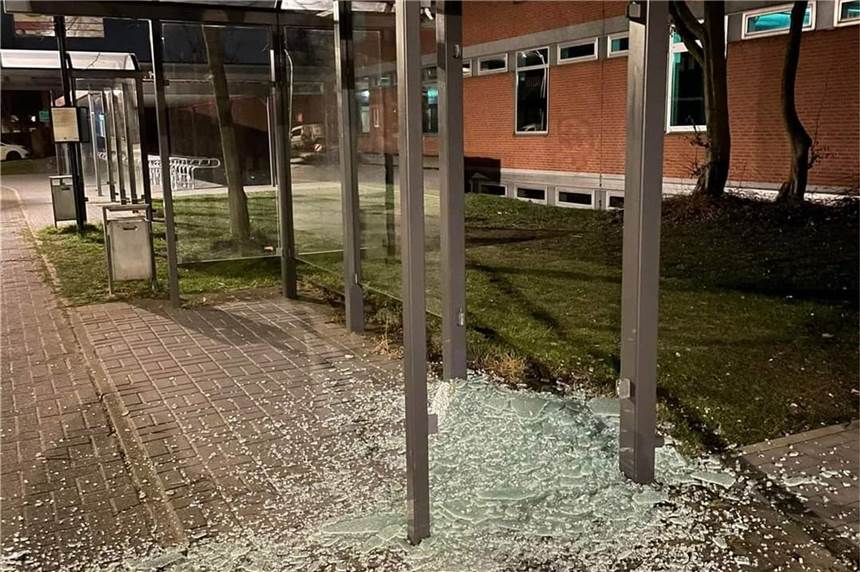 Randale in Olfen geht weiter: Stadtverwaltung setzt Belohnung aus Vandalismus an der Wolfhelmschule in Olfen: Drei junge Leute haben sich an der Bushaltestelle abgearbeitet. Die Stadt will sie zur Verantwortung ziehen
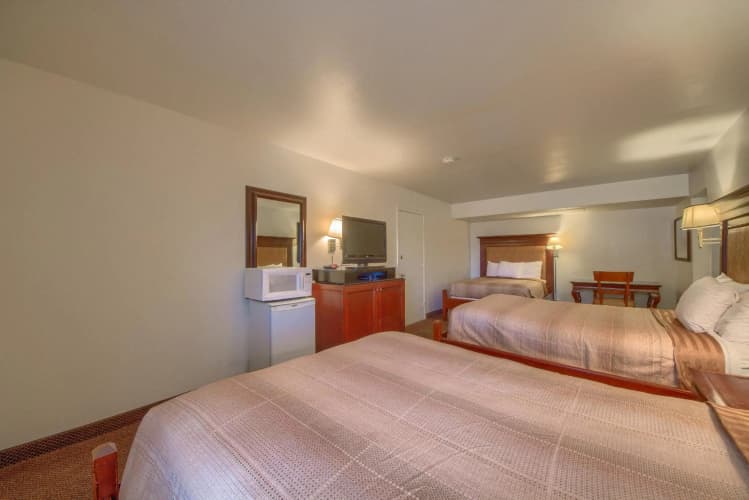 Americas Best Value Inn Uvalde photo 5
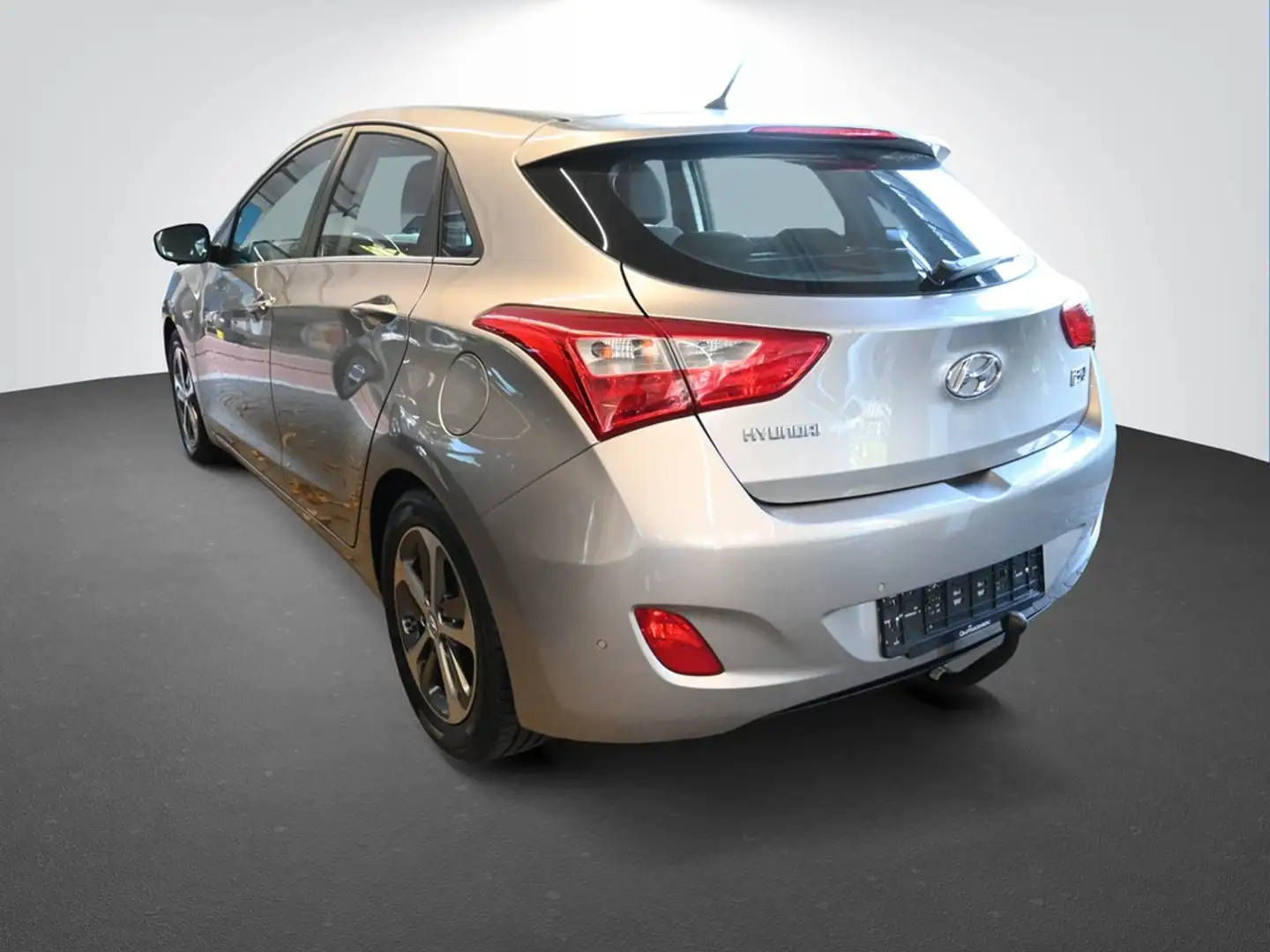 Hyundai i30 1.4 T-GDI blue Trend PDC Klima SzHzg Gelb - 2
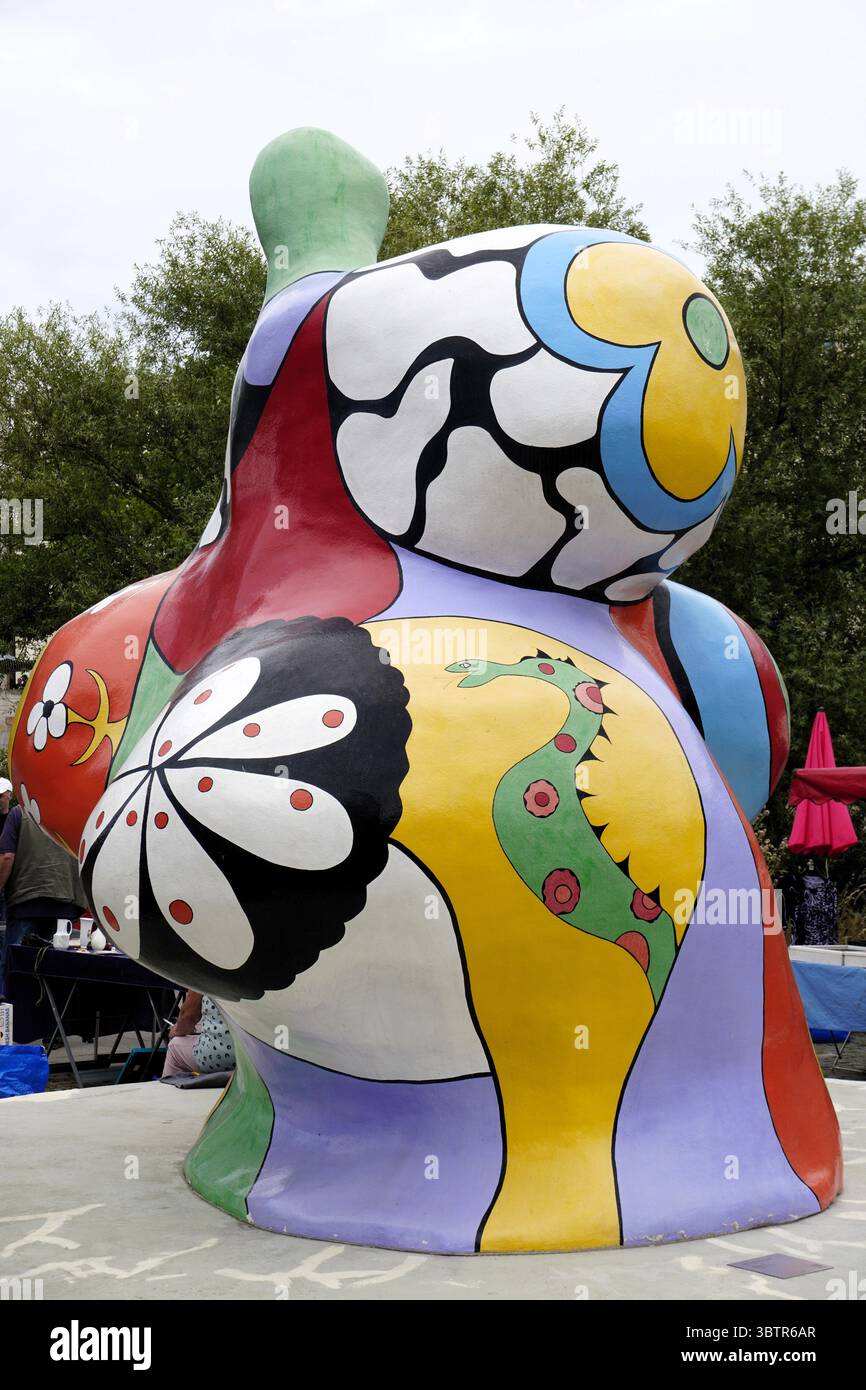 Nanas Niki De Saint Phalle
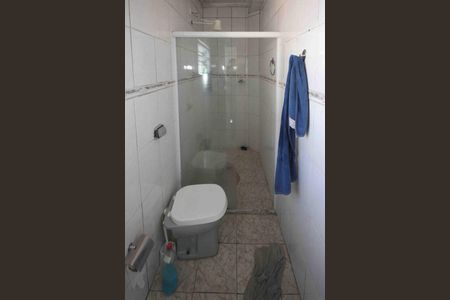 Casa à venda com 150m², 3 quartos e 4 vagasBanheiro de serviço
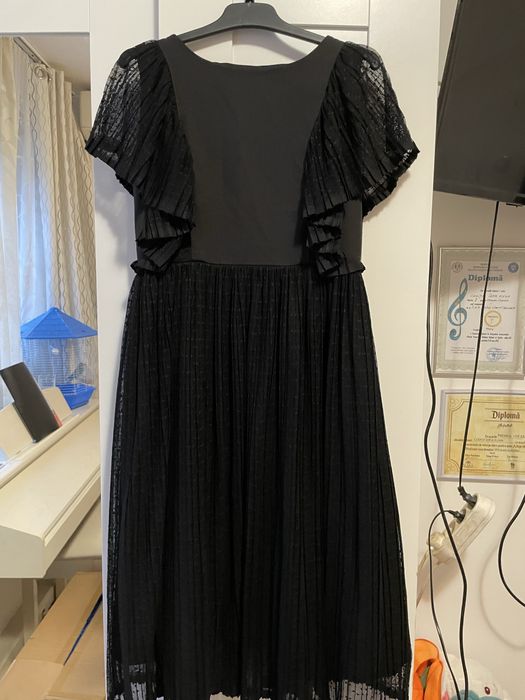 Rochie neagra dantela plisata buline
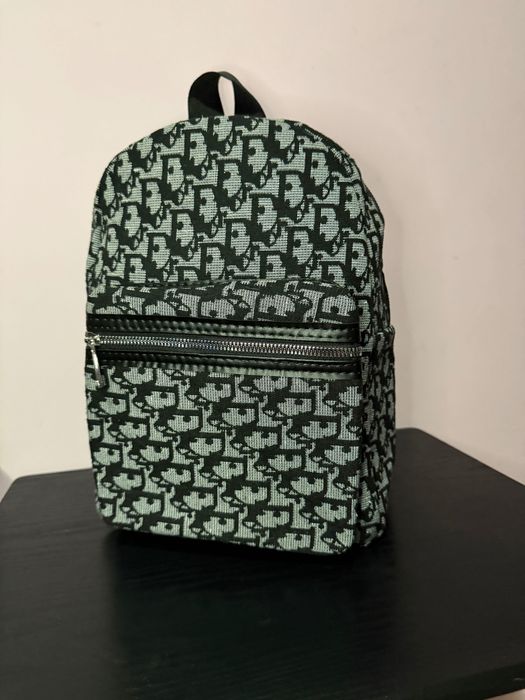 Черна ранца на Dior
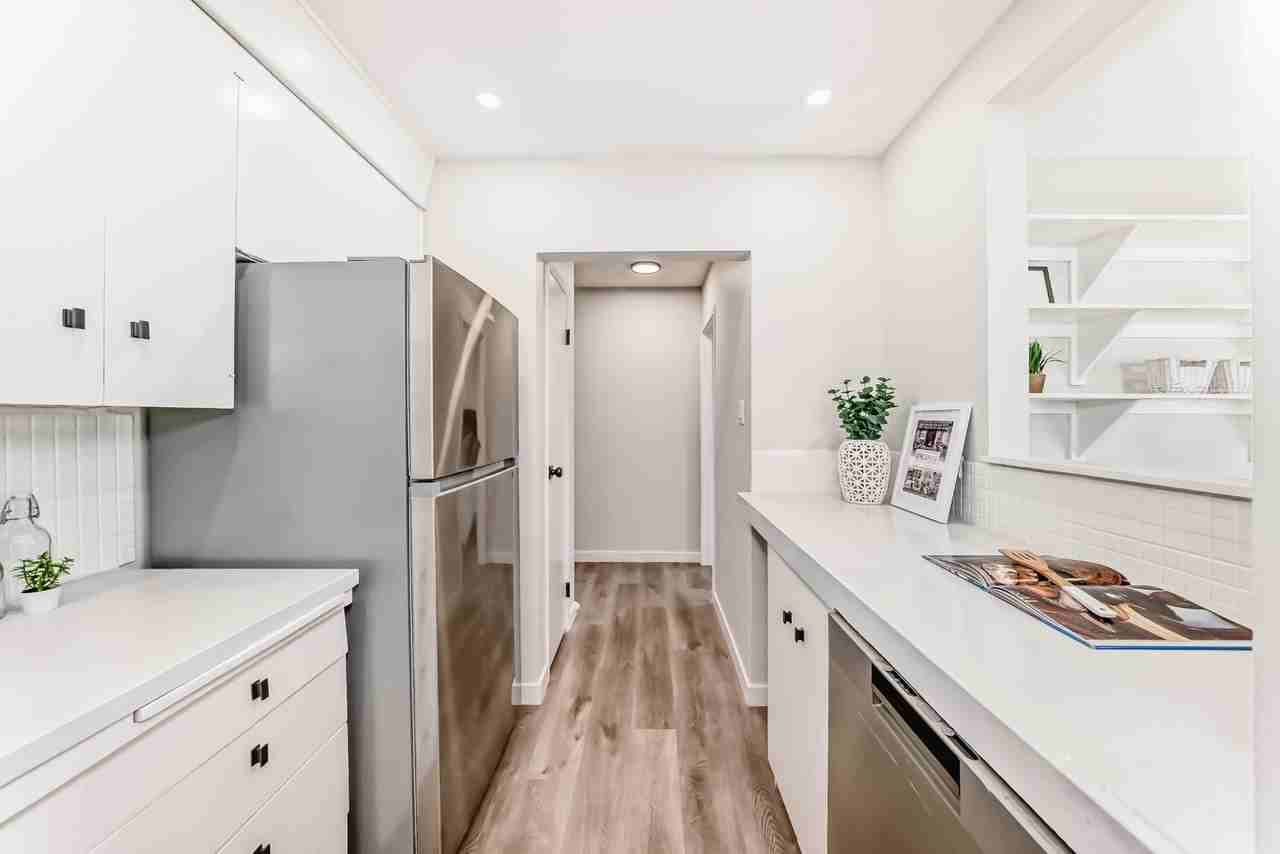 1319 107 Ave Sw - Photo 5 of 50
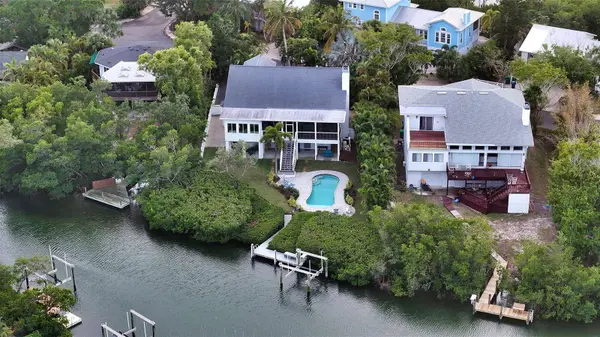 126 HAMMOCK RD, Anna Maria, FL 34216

▬▬▬▬▬▬

**Task statement:**
If a line comes after the line with "Nanas Niki De Saint Phalle", it stays out; print exactly every line from the start of the entries up to and including that line, but no pictures.

**Solution to the exercise:**
 Randale in Olfen geht weiter: Stadtverwaltung setzt Belohnung aus Vandalismus an der Wolfhelmschule in Olfen: Drei junge Leute haben sich an der Bushaltestelle abgearbeitet. Die Stadt will sie zur Verantwortung ziehen
 Americas Best Value Inn Uvalde photo 5
 Hyundai i30 1.4 T-GDI blue Trend PDC Klima SzHzg Gelb - 2
 Nanas Niki De Saint Phalle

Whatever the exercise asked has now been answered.